Peña Nieto, of the Institutional Revolutionary Party (PRI), said he would call upon all political, state and social forces to join him in a great coalition against violence.

“It is essential to take institutional measures so that events such as these will not happen again, so we will join forces in favor of the rule of law and in the fight against corruption and impunity,” said the president.

Significantly, his announcement was made during the public presentation of the 25 regulations that will complete the government’s far-reaching energy reform, ending a 76-year-old state monopoly on oil. Peña Nieto is seeking to attract foreign investment to the country to restart the economy, and the image now being projected of a Mexico unable to deal with the Iguala crime arrives at a bad time, coming on top of falling crude prices.

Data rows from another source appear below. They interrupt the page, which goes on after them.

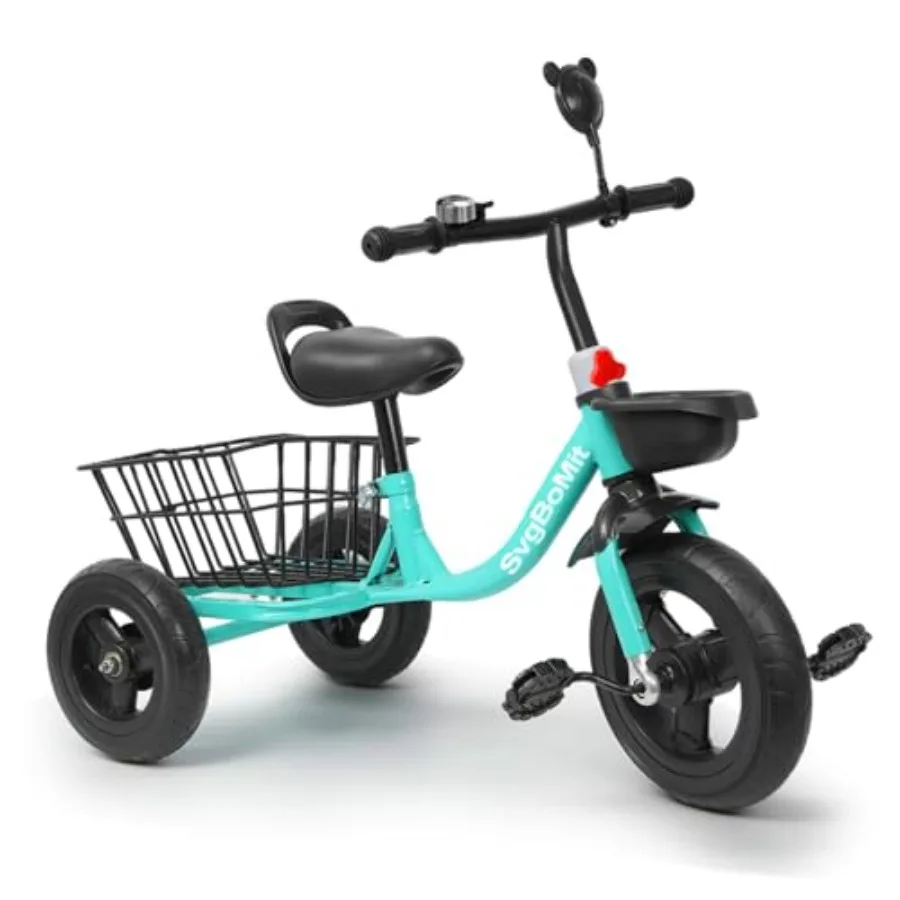 

Трехколесный велосипед для детей 2-5 лет, с защитой от опрокидывания, педальный, из железа, с защитой от проколов, с пластиковыми ручками, задняя корзина для хранения, резиновые элементы.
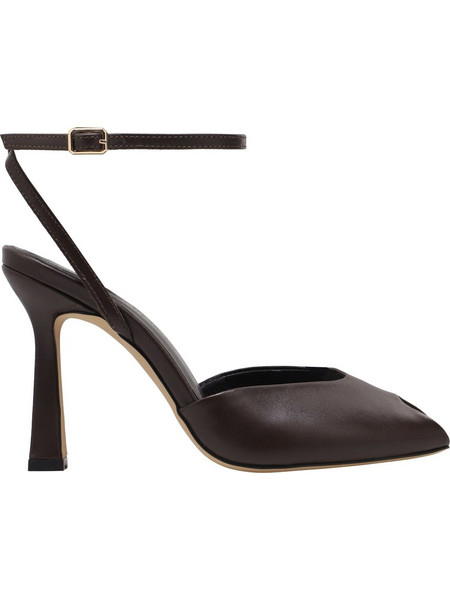Haralas Γόβες Δερμάτινες με Χοντρό Ψηλό Τακούνι & Λουράκι Σοκολατί 14-13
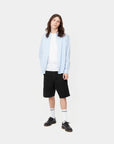 carhartt wip single knee short black rinsed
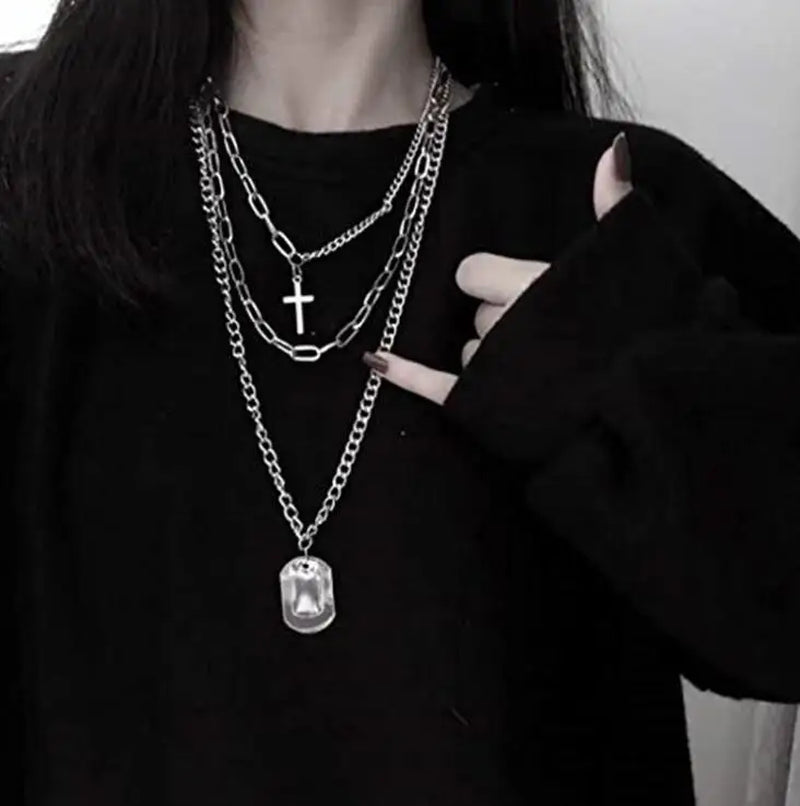 Multi-Layer Long Chain Necklace Punk Cross Pendant Necklace for Women Men Metal Chains Hip Hop Goth Jewelry Gifts Цепочка
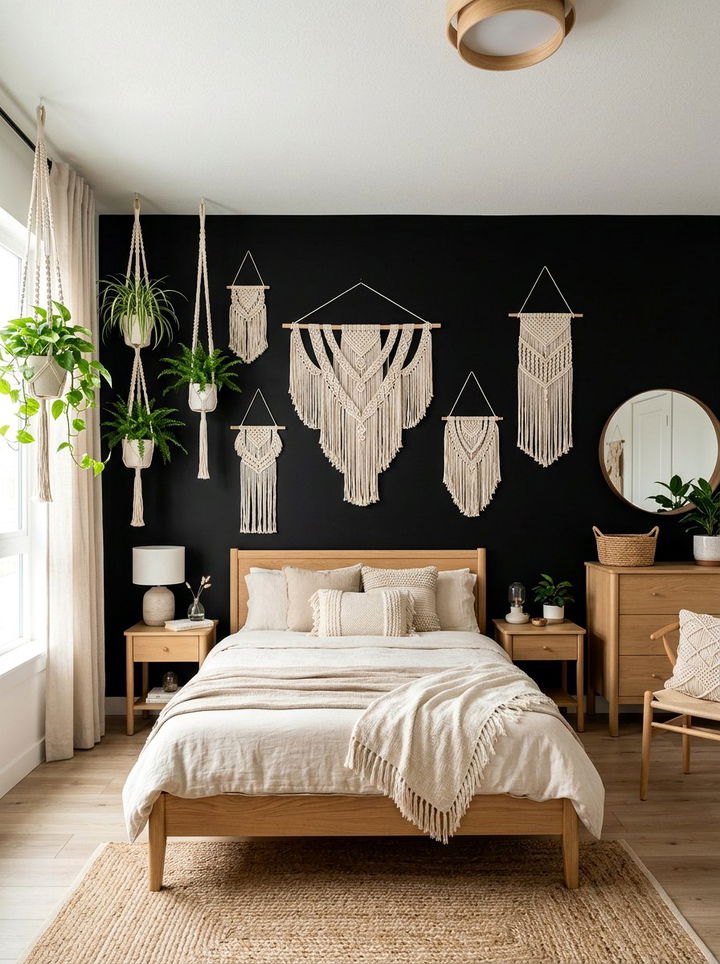 Macrame Decor Black Boho Bedroom - 30 bohemian black bedroom ideas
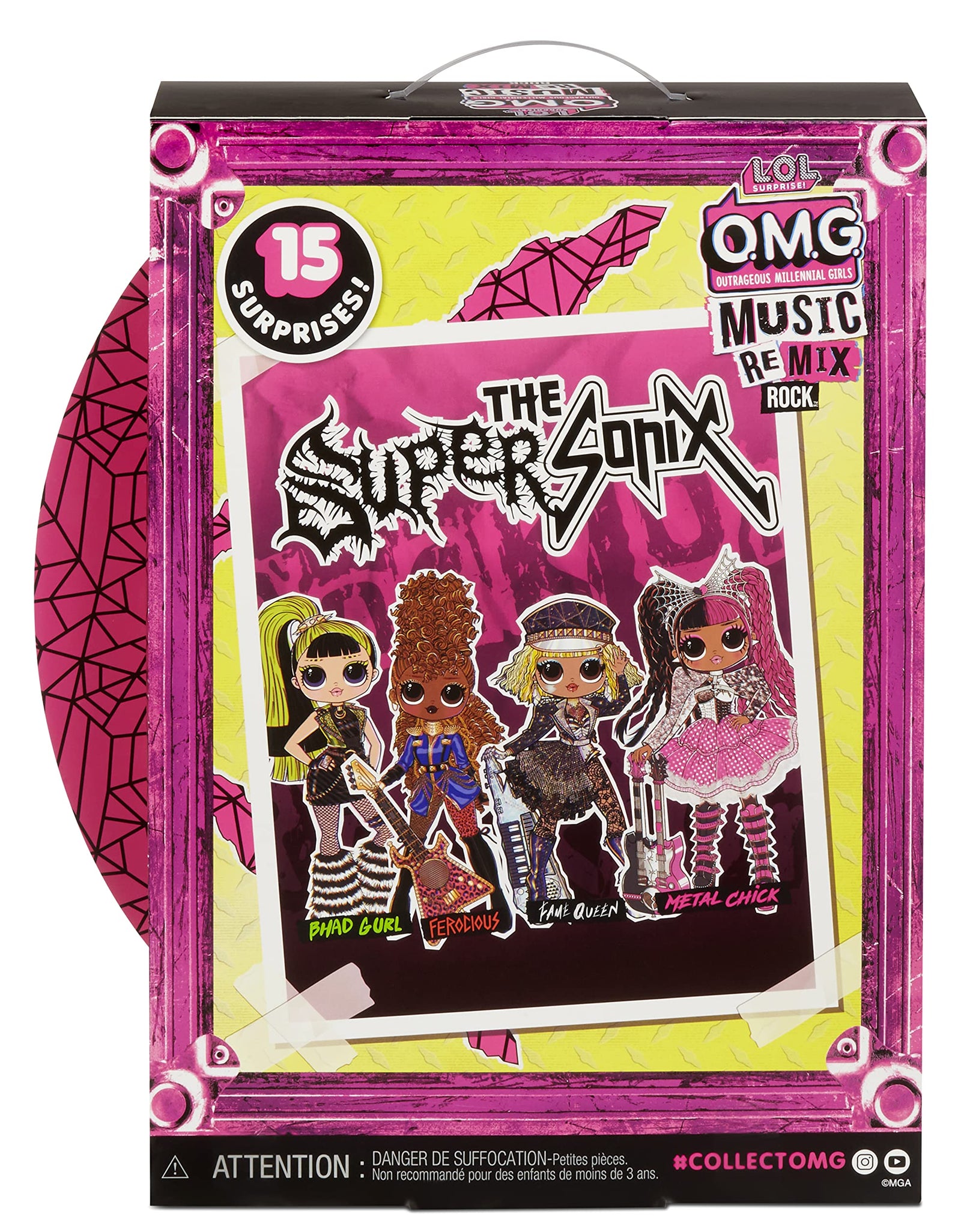 LOL Surprise OMG Remix Rock Metal Chick Fashion Doll with 15 Surprises Including Electric Guitar, Outfit, Shoes, Stand, Lyric Magazine & Record Player Playset- Gift Toys for Girls Boys Ages 4 5 6 7+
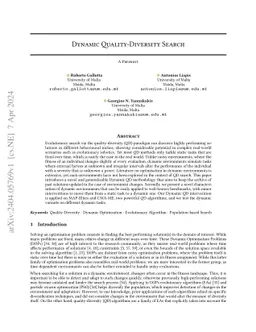 Dynamic Quality-Diversity Search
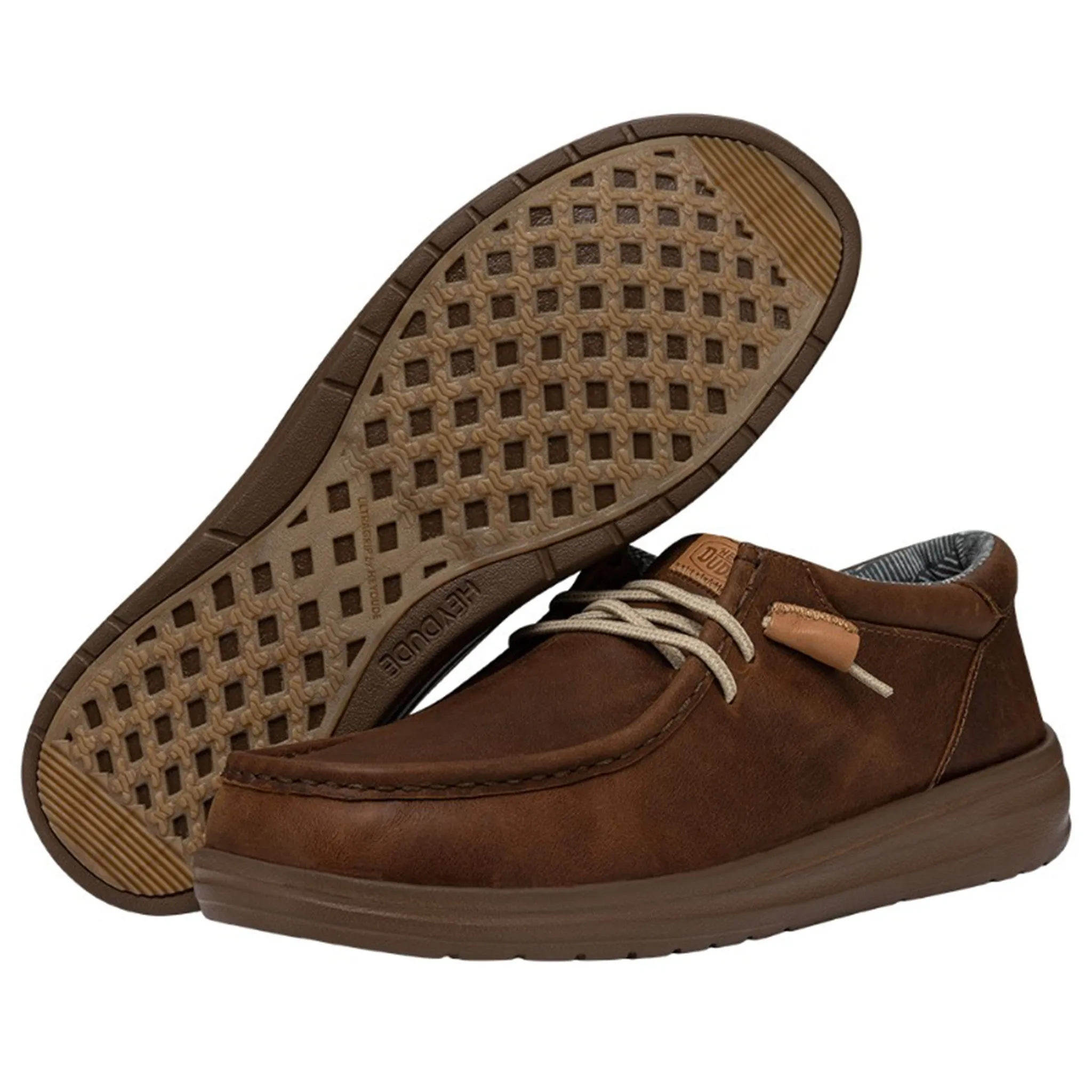 Hey Dude Men's Wally Grip Leather Brown sold by Western Edge product image thumbnail 2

His call for a national consensus was reminiscent of the Pact for Mexico, the cross-party alliance that enabled the deep structural reforms of the last two years.

President Enrique Peña Nieto is calling for a national coalition against violence.
President Enrique Peña Nieto is calling for a national coalition against violence.Mario Guzmán (EFE)

The main opposition parties, the National Action Party (PAN) and the Democratic Revolutionary Party (PRD), have also felt the sting of criticism, and their leaders are publicly encouraging an alliance of this nature.

“The national situation in terms of security is so delicate, and the state of decomposition so advanced, that a great national long-term agreement is required to strengthen security and ensure the rule of law is effective,” said PAN president Ricardo Anaya.

“We are enormously concerned about the climate of violence […] we want the powers of the Union to be convened,” said PRD’s new leader Carlos Navarrete, whose party has been seriously harmed by having supported the mayor of Iguala despite years-long suspicions that he had ties to the drug rings.